Member of the Wisconsin State Assembly from the Eau Claire 1st district
- In office January 1, 1961 – January 1, 1967
- Preceded by: Karl J. Goethel
- Succeeded by: Wilmer R. Waters

Personal details
- Born: March 3, 1930 (age 96) San Francisco, California, US
- Party: Republican
- Spouses: Ann Marie Johnson ​ ​(m. 1964; died 1999)​; Jill Broderick;
- Education: University of Wisconsin (B.A.); University of Wisconsin Law School (LL.B.);
- Profession: lawyer, judge

Military service
- Allegiance: United States
- Branch/service: United States Army U.S. Army Reserve
- Years of service: 1953–1955 (USA) 1955–1965 (USAR)
- Rank: Captain
- Unit: Military Police

= Thomas H. Barland =

20th century American politician and judge

Thomas H. Barland (born March 3, 1930) is a retired American lawyer, politician, and judge. Most recently, he was the last chairman of the Wisconsin Government Accountability Board before its dissolution in 2015. He was a Wisconsin Circuit Court Judge and County Judge for 33 years in Eau Claire County and served six years in the Wisconsin State Assembly as a Republican.

==Early life and career==

Although descended from one of the pioneer settlers of Eau Claire, Wisconsin, Barland was born in San Francisco, California, and received his early education on the island of Oahu in what was then the Territory of Hawaii. Barland's father was employed as an engineer for the War Department at the Schofield Barracks. At age 11, Barland witnessed the Attack on Pearl Harbor, racing home after the first wave of the attack and sheltering in his basement with his parents. A few months later, they were evacuated to the United States and relocated to Eau Claire.
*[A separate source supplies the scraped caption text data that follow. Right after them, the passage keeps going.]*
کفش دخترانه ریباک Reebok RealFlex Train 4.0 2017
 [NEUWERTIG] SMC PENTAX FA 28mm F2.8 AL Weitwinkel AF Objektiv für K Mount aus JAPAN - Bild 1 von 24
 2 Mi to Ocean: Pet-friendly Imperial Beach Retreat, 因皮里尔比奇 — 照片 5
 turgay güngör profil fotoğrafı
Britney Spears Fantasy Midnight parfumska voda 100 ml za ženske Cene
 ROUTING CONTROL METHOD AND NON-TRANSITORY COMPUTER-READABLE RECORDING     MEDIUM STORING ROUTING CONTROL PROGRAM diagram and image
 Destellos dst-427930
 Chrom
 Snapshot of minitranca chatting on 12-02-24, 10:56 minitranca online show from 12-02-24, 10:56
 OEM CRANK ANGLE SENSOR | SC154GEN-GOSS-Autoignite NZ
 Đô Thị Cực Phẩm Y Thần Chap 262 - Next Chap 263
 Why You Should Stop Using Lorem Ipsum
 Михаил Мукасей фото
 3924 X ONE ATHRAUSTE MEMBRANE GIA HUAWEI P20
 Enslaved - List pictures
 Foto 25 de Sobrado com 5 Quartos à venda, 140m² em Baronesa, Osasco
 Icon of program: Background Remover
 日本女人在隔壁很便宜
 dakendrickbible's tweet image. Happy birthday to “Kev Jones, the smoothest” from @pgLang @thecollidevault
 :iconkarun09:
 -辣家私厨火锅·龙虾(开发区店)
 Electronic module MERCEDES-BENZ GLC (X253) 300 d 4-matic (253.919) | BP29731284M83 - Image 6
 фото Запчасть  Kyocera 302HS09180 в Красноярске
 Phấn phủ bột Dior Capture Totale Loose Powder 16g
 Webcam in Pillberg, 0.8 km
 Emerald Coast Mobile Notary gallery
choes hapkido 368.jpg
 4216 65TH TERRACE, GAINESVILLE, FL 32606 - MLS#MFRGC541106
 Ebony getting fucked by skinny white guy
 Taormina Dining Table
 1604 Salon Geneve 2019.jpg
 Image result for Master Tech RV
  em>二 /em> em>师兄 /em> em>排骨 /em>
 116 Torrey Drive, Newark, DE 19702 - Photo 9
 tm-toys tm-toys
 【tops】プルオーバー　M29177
He graduated from Eau Claire High School in 1947 and attended the University of Wisconsin-Madison, where he received his bachelor's degree in economics in 1951. He went on to law school at the University of Wisconsin Law School, but interrupted his education in 1953 to enlist in the United States Army.

He served two years as a Military Police Confinement Officer of the Post Stockade and Assistant Post Provost Marshal before transitioning to the United States Army Reserve as a Captain. He returned to law school in 1955 and completed his education in 1956. During his time in law school, he was a member of the editorial board of the Wisconsin Law Review, a member of the Phi Delta Phi legal fraternity and the Order of the Coif legal honor society. He was admitted to the State Bar of Wisconsin in June 1956 and worked briefly as an associate in the Eau Claire law firm Ramsdell, King, & Carroll, before being admitted as a partner in that firm on January 1, 1957, thereafter known as Ramsdell, King, Carroll, & Barland.

==Political career==

During his early career, Barland became extremely active with Eau Claire civic organizations: He was a major fundraiser for the local chapter of the American Red Cross, becoming chairman of the chapter; he was active with the Junior Chamber of Commerce, receiving a distinguished service award in 1959; he was chairman of the Eau Claire Downtown Modernization Steering Committee, vice president of the local Family Service Association, vice president of the Eau Claire County Taxpayers Association, vice president of the Foreign Film Society, and a member of the Civic Music Association.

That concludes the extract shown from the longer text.